Journalists should keep the nascent state of the field in mind as they report on organoid research. “The usual common mistake I see journalists make is to sort of immediately jump to something that’s very far away or might not even be possible,” said Insoo Hyun, a professor of bioethics at Case Western Reserve University School of Medicine. “Resist the temptation to immediately jump to scenarios that are thought-provoking and striking but very far away,” he cautioned. For example, their therapeutic potential might be overstated, as well as their potential capacity for complex functions (e.g., the “brain in a dish” framing).

And while we may anticipate bioethical concerns about organoids with more complex functions in the future, it’s important to neither over- nor understate these issues, Rubin said. “I think that doesn’t serve anybody well,” to dismiss ethical concerns outright, he said.

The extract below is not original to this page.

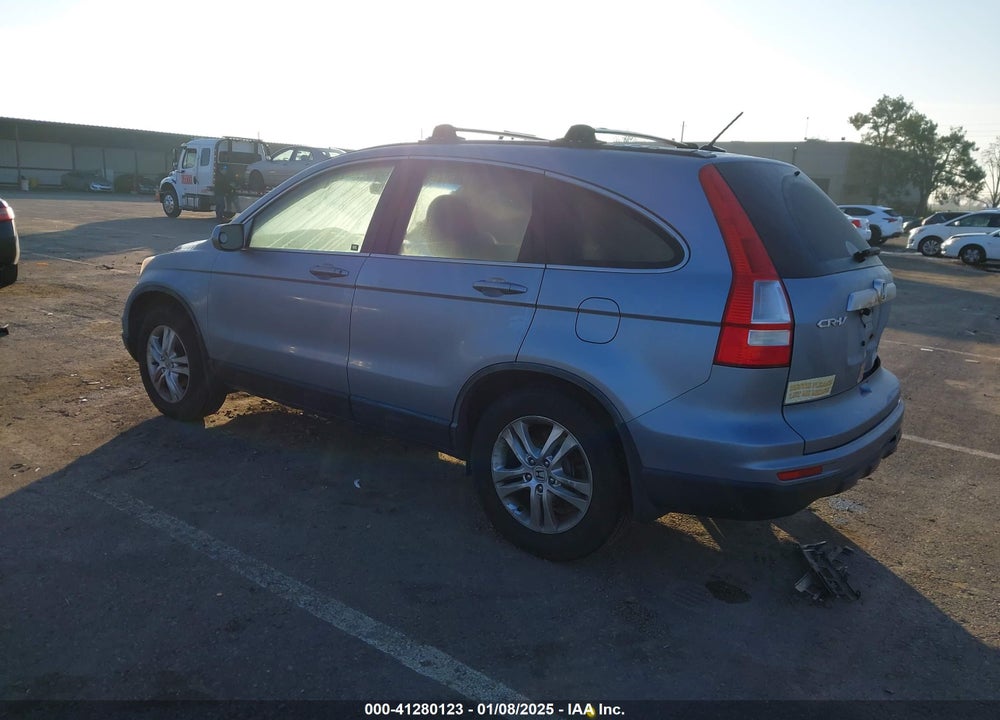 2011 HONDA CR-V EX-L VIN: JHLRE3H75BC003220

Rubin suggested describing organoids in a “more scientific way,” to highlight their functions and limitations, while also treating concerns with legitimacy.

In the same vein, Hyun advised reporters to provide sufficient context regarding organoid research. Tell your readers why it is being conducted. Don’t leave them with a mental image of a mad scientist, or a reckless scientist, conducting experiments to “fool around and have fun,” Hyun said. Instead, describe the scientific rationale and humanitarian purpose of the research.

Arlotta echoed Hyun’s sentiments. “A lot of overstatements are made about what kind of processes can be studied and what kind of discovery can really be expected from these kinds of organoids,” she said. That being said, an organoid “doesn’t have to be a brain in order to be extremely useful and informative.”